Work request
Skip all pictures; return exactly the lines from the one containing "T4 R-Design |" through the end of the data.

Provided data
══════
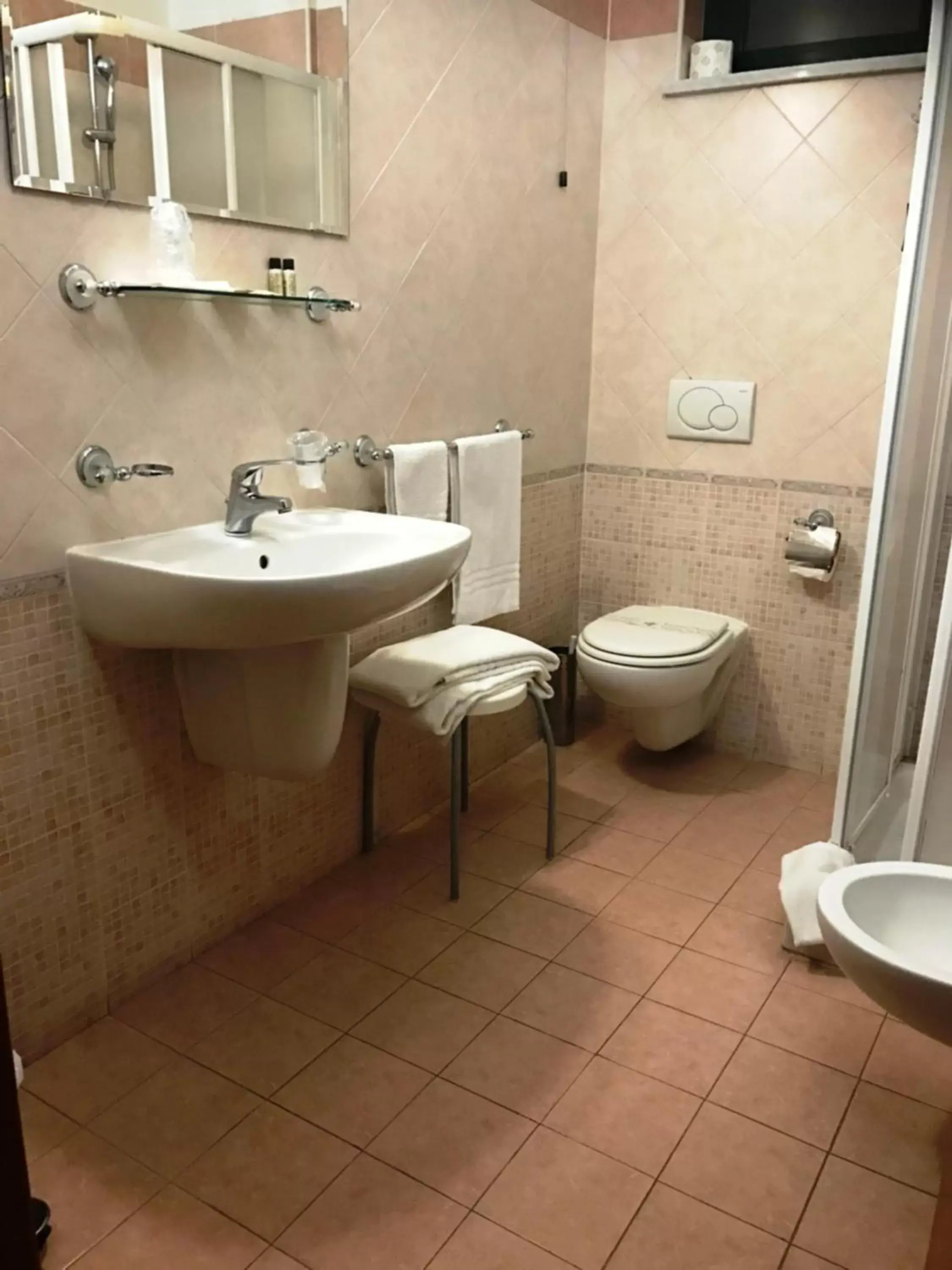 Bathroom in Hotel Rigolfo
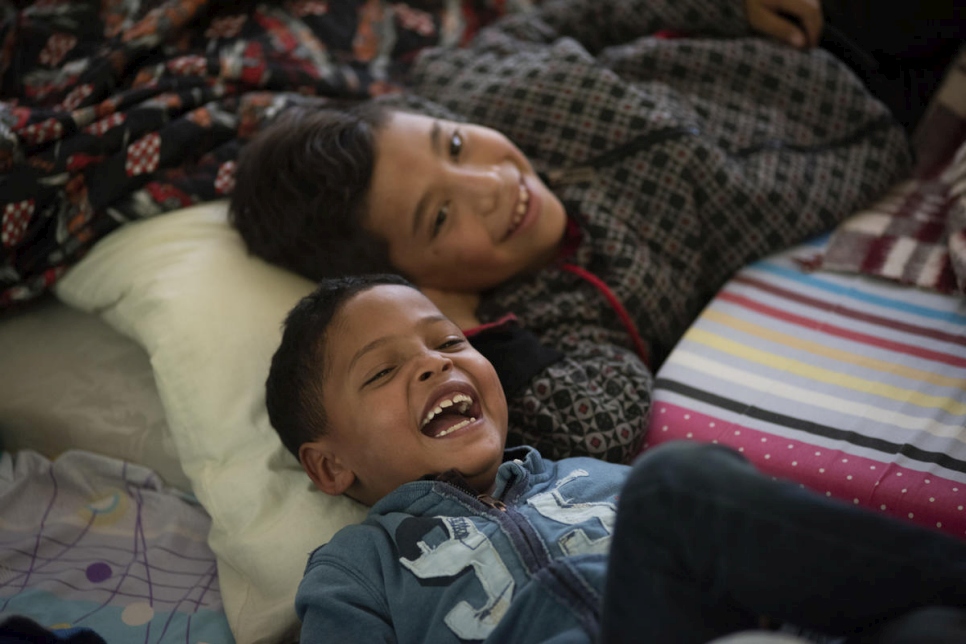 أطفال فنزويليون مهاجرون ولاجئون يشاهدون أحد الأفلام في مركز "قلوب بلا حدود" لرعاية الأطفال في بوغوتا.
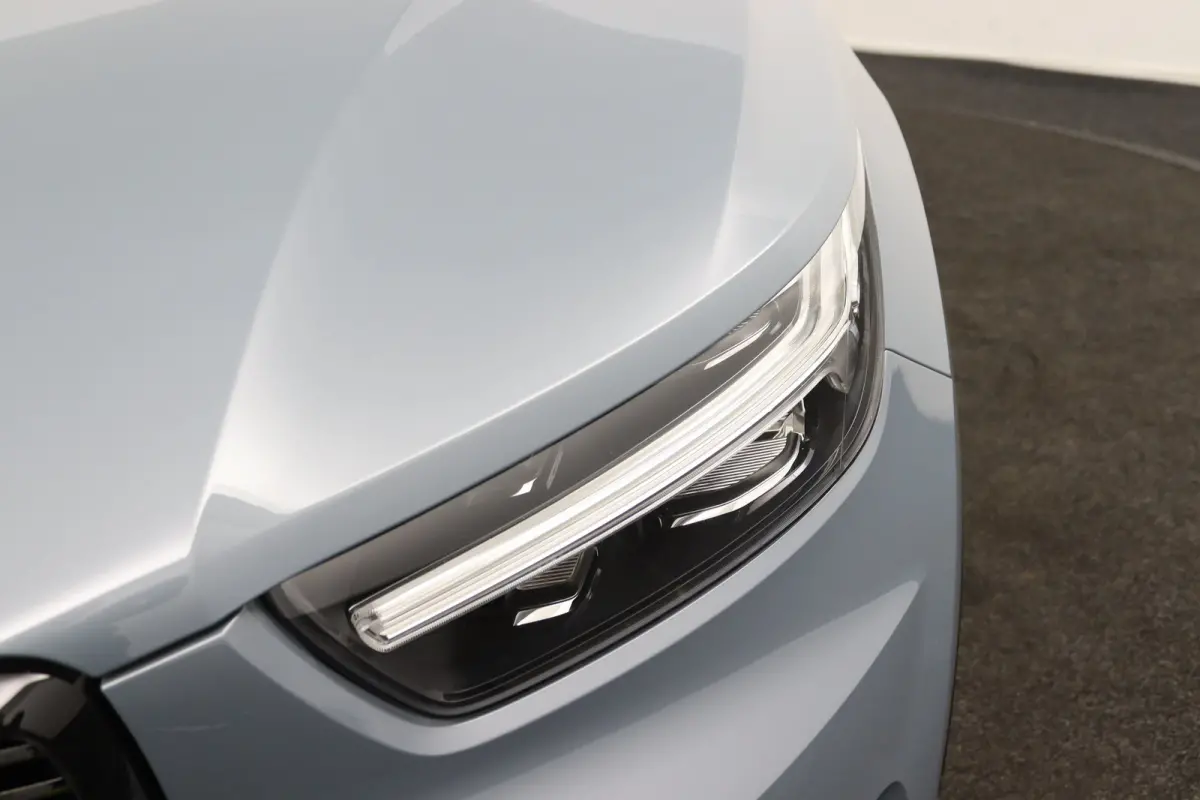 T4 R-Design | Panoramadak | Harman Kardon | 360 Camera | Elektrische stoelen | Adaptieve cruise control | BLIS |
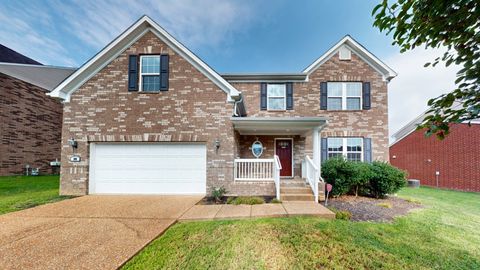 300 Cobblestone Lndg Mount Juliet TN 37122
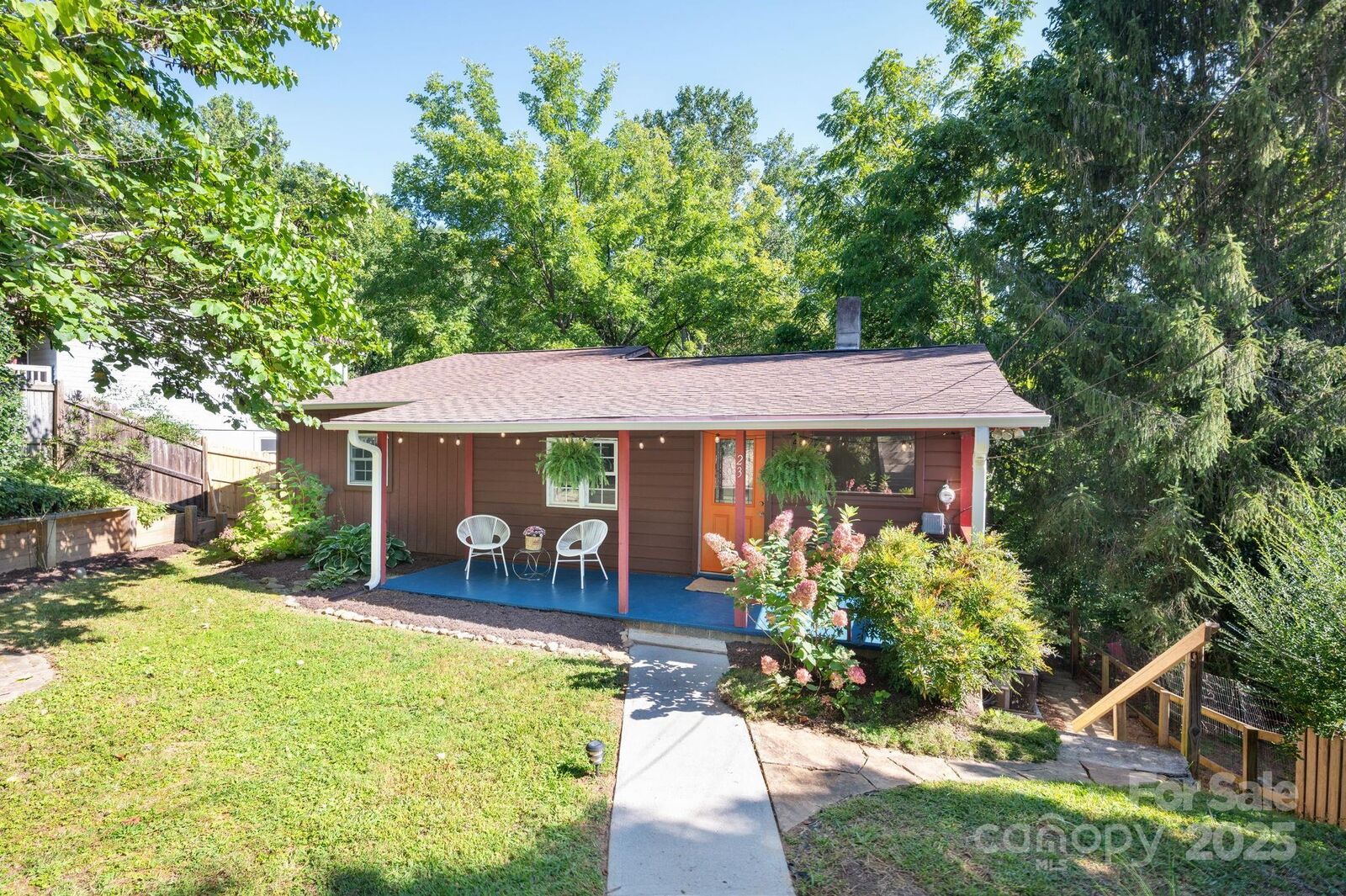 Property Photo:  23 Shadowlawn Drive  NC 28806 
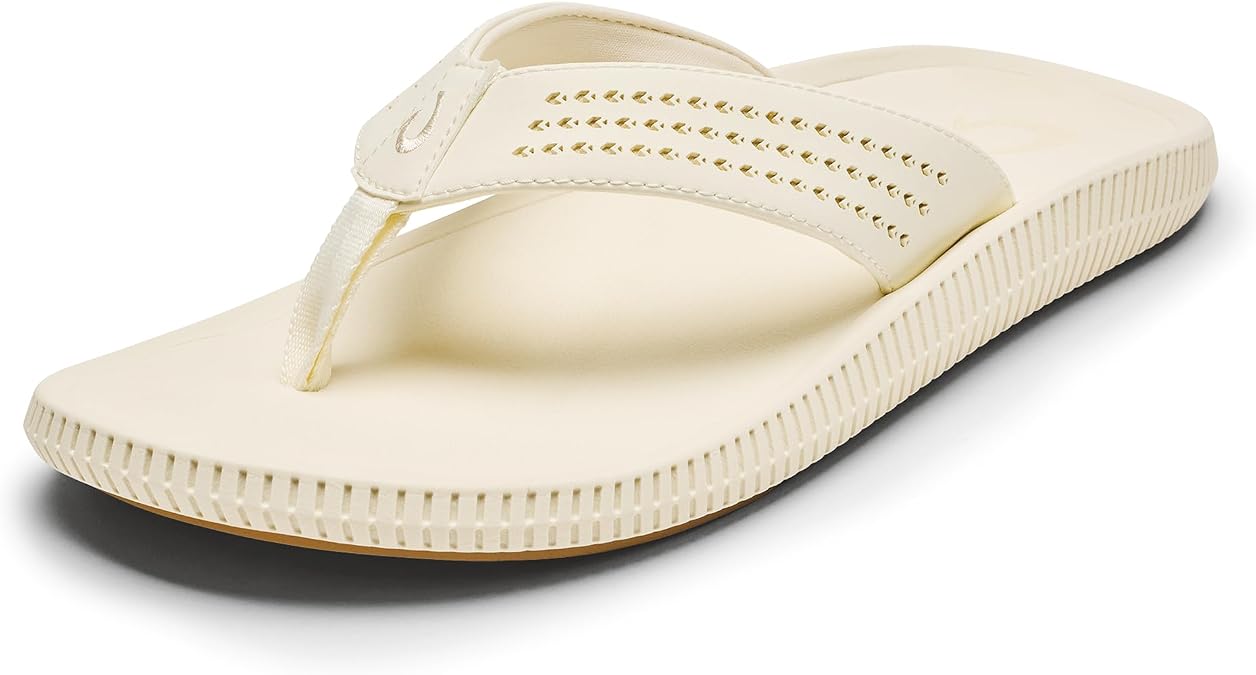 OLUKAI Ulele Men's Beach Sandals, Water Resistant Flip Flops, Arch Support & Comfort Fit, Lightweight & Durable, Enhanced Grip & Traction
══════
Task answer
 T4 R-Design | Panoramadak | Harman Kardon | 360 Camera | Elektrische stoelen | Adaptieve cruise control | BLIS |
 300 Cobblestone Lndg Mount Juliet TN 37122
 Property Photo:  23 Shadowlawn Drive  NC 28806 
 OLUKAI Ulele Men's Beach Sandals, Water Resistant Flip Flops, Arch Support & Comfort Fit, Lightweight & Durable, Enhanced Grip & Traction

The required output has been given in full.